Burnham’s supporters will say that compulsion for adults is not an issue – that simply isn’t true. I refer them back to his ‘There is content that should just not be available’ comment. The only solution that will deliver the ‘safe’ web for kids is a national white-list adopted by all ISPs. Even a looser system relying on a white-list for under-18s plus the current Cleanfeed model for over-18s will require some kind of authenticated adult login – finally a use for Burnham’s beloved ID cards, eh?

Don’t think that’s far-fetched either – an authenticated login for all internet users was mooted in the European Parliament 10 years ago, and keeps popping back. Similarly in the US influential thinktanks are pushing the idea of a ‘hardened’ internet, secured by, among other things, ‘in-person’ identification at login. When Obama takes office he’ll find this report on his desk. Fancy swiping your ID card past a government-mandated RFID reader to get online?

I’m hoping not, although it’s astonishing how many people seem to want these kinds of controls.
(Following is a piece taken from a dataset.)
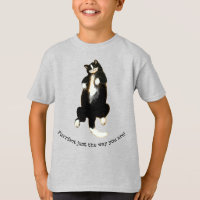 Camiseta de gato blanco y negro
The usual cries of ‘paranoia’ will greet this – they’re dwindling though. We now know our internet access is censored using the IWF/Cleanfeed solution – however ineffectual that may be. We also know our government sees free speech online as dangerous – it’s told us so, and promises a new ‘anti-defamation’ consultation paper in the new year to deal with unruly blogs. And we know that certain politically difficult content – and that what’s the beheadings are, Andy, like it or not – is destined for blocking. Finally, we know the supine mainstream media will accept the government line unless forced to challenge it by weight of numbers. And we can also guess that they see the continuing rise of user-generated content as a threat to their own position – and they’re right to think that.

Burnham is no fool – some say Labour simply doesn’t understand the internet, but no, it understand aspects of it only too well. As he says, ‘If you look back at the people who created the internet they talked very deliberately about creating a space that governments couldn’t reach’. Well maybe not those who created it, but certainly those who came soon after. And that really bothers you, doesn’t it, Andy? Tough.

2009 will be the year of the War on t’Internet, folks. Pick a side, and stand by your mouse.